● PROBLEM REQUIREMENTS: Which of the lines in the data mention the string "floral"? List them all.

● EXTRACTED MATERIAL:
--- --- ---
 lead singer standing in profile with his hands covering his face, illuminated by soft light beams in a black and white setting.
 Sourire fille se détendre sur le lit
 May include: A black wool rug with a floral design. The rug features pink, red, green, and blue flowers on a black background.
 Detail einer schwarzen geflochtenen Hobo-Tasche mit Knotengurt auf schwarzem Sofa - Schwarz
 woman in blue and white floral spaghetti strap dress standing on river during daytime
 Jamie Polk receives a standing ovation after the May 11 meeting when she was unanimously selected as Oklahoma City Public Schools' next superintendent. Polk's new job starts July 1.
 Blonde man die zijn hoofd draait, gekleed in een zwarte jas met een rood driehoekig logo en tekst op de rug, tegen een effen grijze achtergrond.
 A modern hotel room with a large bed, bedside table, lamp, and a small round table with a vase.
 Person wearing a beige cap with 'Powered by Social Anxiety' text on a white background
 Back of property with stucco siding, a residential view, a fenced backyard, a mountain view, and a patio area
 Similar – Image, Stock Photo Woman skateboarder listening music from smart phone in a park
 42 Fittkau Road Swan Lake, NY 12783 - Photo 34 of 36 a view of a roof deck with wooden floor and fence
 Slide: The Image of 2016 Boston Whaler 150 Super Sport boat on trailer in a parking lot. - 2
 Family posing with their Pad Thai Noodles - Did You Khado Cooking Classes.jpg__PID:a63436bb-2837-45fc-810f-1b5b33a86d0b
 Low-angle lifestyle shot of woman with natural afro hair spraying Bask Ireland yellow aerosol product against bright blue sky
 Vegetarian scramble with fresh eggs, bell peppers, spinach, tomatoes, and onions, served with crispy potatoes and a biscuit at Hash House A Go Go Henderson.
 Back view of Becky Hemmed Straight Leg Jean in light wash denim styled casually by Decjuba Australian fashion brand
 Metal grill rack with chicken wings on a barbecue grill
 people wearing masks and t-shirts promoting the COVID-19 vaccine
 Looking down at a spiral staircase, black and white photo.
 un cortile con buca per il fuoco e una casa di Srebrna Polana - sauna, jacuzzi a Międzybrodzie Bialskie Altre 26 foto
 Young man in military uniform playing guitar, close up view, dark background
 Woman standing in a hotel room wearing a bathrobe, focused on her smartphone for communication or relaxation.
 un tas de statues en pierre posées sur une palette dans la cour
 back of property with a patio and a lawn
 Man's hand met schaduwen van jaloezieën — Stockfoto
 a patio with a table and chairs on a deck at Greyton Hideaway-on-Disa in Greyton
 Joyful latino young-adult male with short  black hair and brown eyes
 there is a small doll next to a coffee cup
--- --- ---
● YOUR RESPONSE:
 May include: A black wool rug with a floral design. The rug features pink, red, green, and blue flowers on a black background.
 woman in blue and white floral spaghetti strap dress standing on river during daytime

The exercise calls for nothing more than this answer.